En dépit de sa résidence surveillée, il a continué ses actions et ses appels, aidant le mouvement des paysans victimes d’injustice (Dân Oan) qui protestent contre la confiscation de leurs terres (2007) ; exprimant sa solidarité avec les mouvements démocratiques en Birmanie et au Tibet (2008) ; lançant une campagne de Désobéissance civile pour mettre fin aux atteintes à l’environnement de l’exploitation de la bauxite sur les Hauts-Plateaux (2010) ; soutenant les milliers de jeunes gens qui manifestaient à Hanoi et Saigon contre les incursions chinoises en territoire vietnamien (2011) ; appelant à une démocratie multi-partis et à l’abrogation de l’article 4 de la Constitution sur le monopole du Parti Communiste lors de la consultation organisée par le gouvernement sur la révision constitutionnelle (2013) ; lançant un appel pour un « vaste mouvement pour la démocratisation du Vietnam » comme le seul moyen de protéger la souveraineté vietnamienne (2014). Ces efforts lui valu des interrogatoire répétés, des harcèlements et des accusations de « violation de la sécurité nationale ».

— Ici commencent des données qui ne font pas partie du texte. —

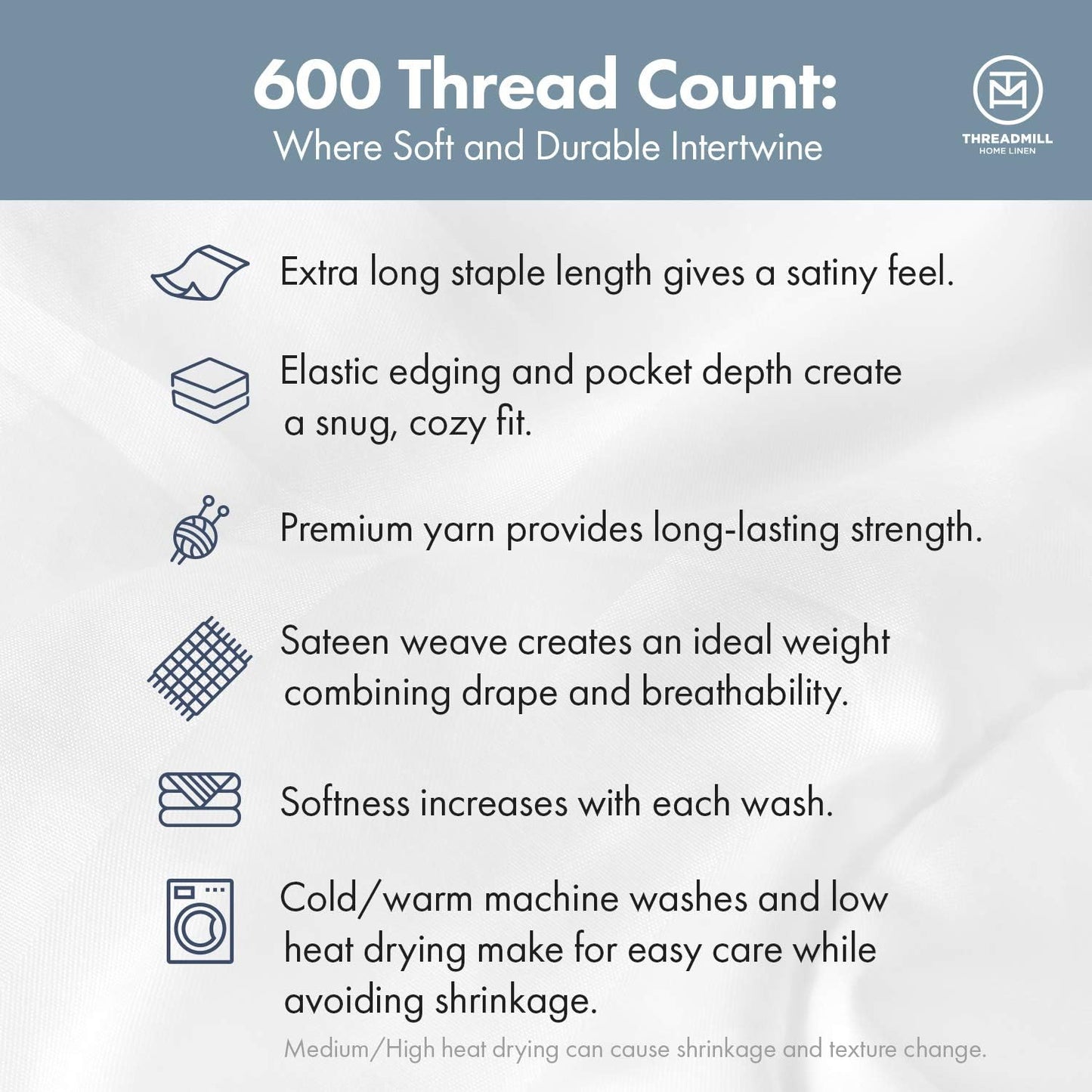 Threadmill 100% Cotton Sheets for King Size Bed - 600 Thread Count King Bed Sheets Set with 16” Deep Pocket - Damask Stripe Sateen Weave 4-Piece Bedding Set with Cooling Effect, Moonrock Grey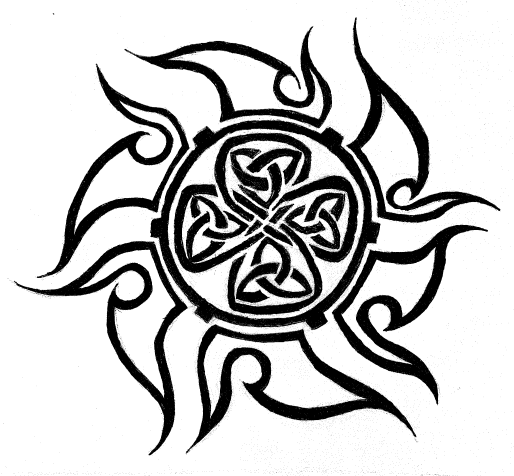 Outline Black Celtic Sun Tattoo Design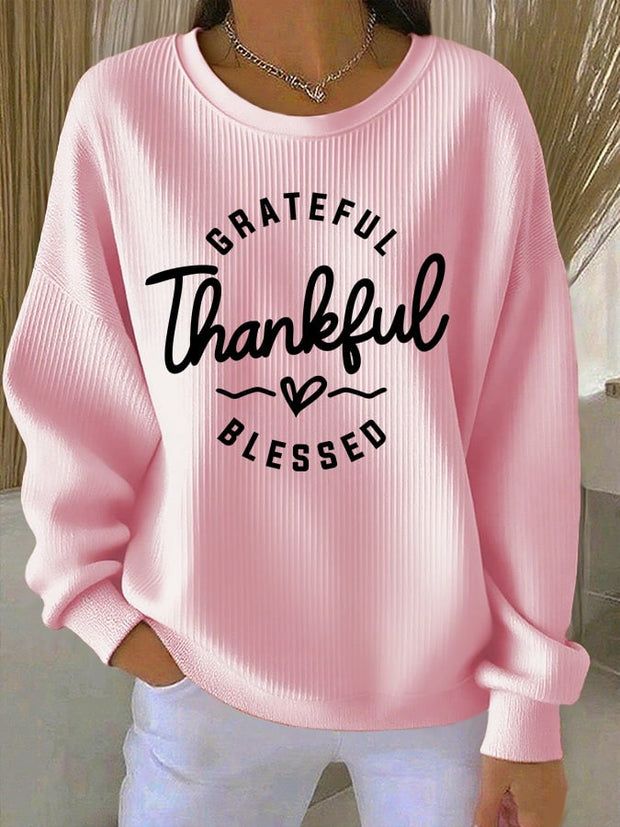 Women's Casual Vintage Grateful Thankful Blessed Textured Sweatshirt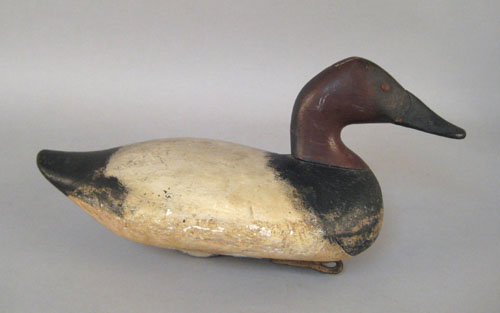 Appraisal: Susquehanna River canvasback drake duck decoy mid th c l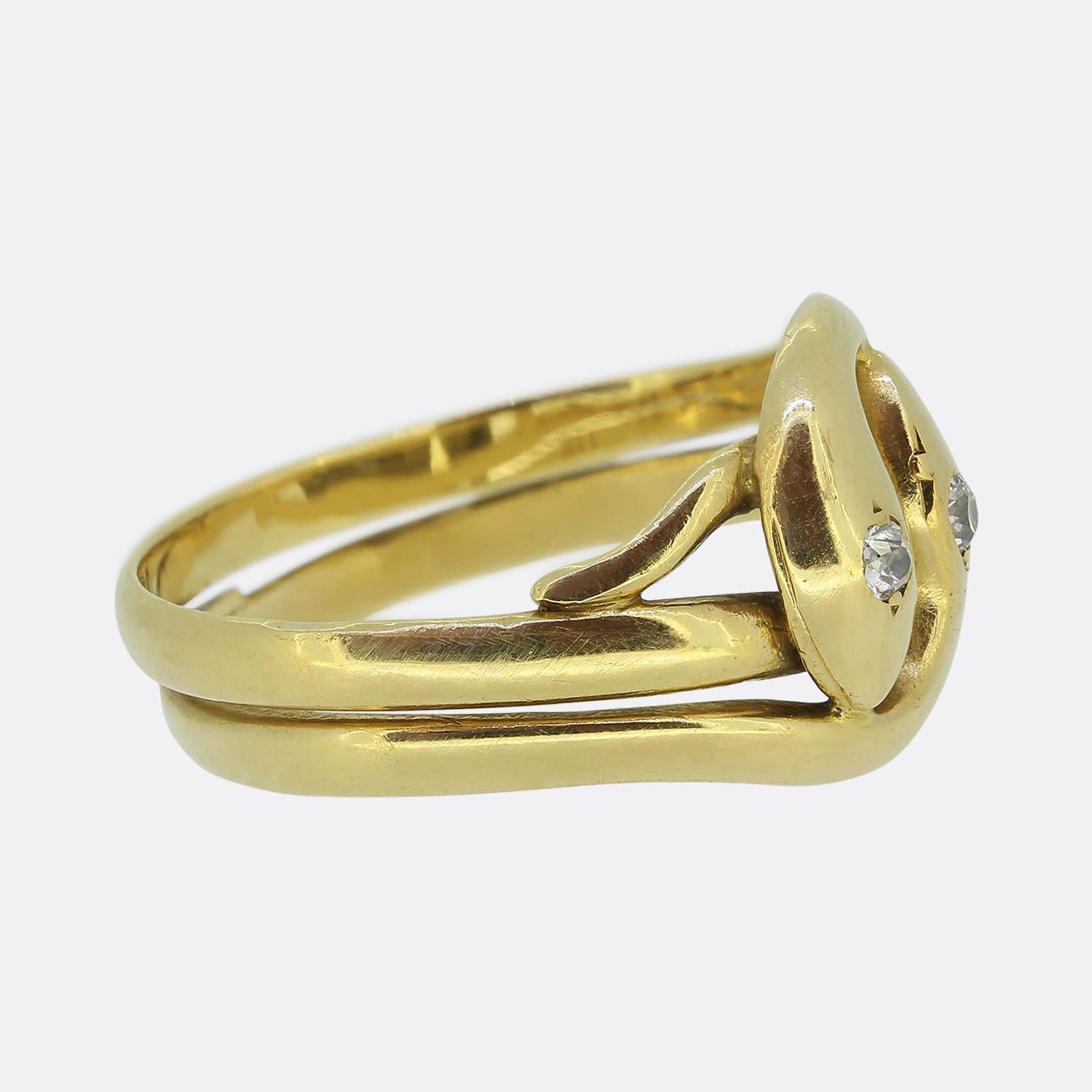 Old European Cut Victorian Diamond Double Snake Ring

Thích Quảng Độ a été proposé 16 fois pour le Prix Nobel de la paix. En novembre 2015, 91 personnalités internationales, incluant des quatre Prix Nobel de la Paix, ont signé une lettre au Président Obama l’appelant à intervenir pour sa libération. Thích Quảng Độ a été récompensé du Prix à la Mémoire du Professeur Thorolf Rafto en 2006 pour son rôle de « force unificatrice » et de « symbole du mouvement démocratique grandissant au Vietnam », le « Democracy Courage Tribute » du Mouvement Mondial pour la Démocratie en en 2006, et, en 2003, le Prix « Homo Homini » de la Fondation Tchèque People In Need sous les auspices du Président Vaclav Havel. Il est membre honoraire de PEN International et a été adopté comme prisonnier de conscience par Amnesty International. Le Groupe de travail de l’ONU sur la détention arbitraire a considéré que la détention de Thích Quảng Độ constituait une violation du droit international (Avis 18/2005)

En avril 2018, le Représentant au Congrès américain Alan Lowenthal et la Vice-Présidente de Commission Américaine sur la Liberté Religieuse Internationale (USCIRF) ont adopté Thích Quảng Độ comme prisonnier de conscience dans le cadre du « Defending Freedoms Project » de la Commission des Droits de l’Homme Tom Lantos du Congrès américain.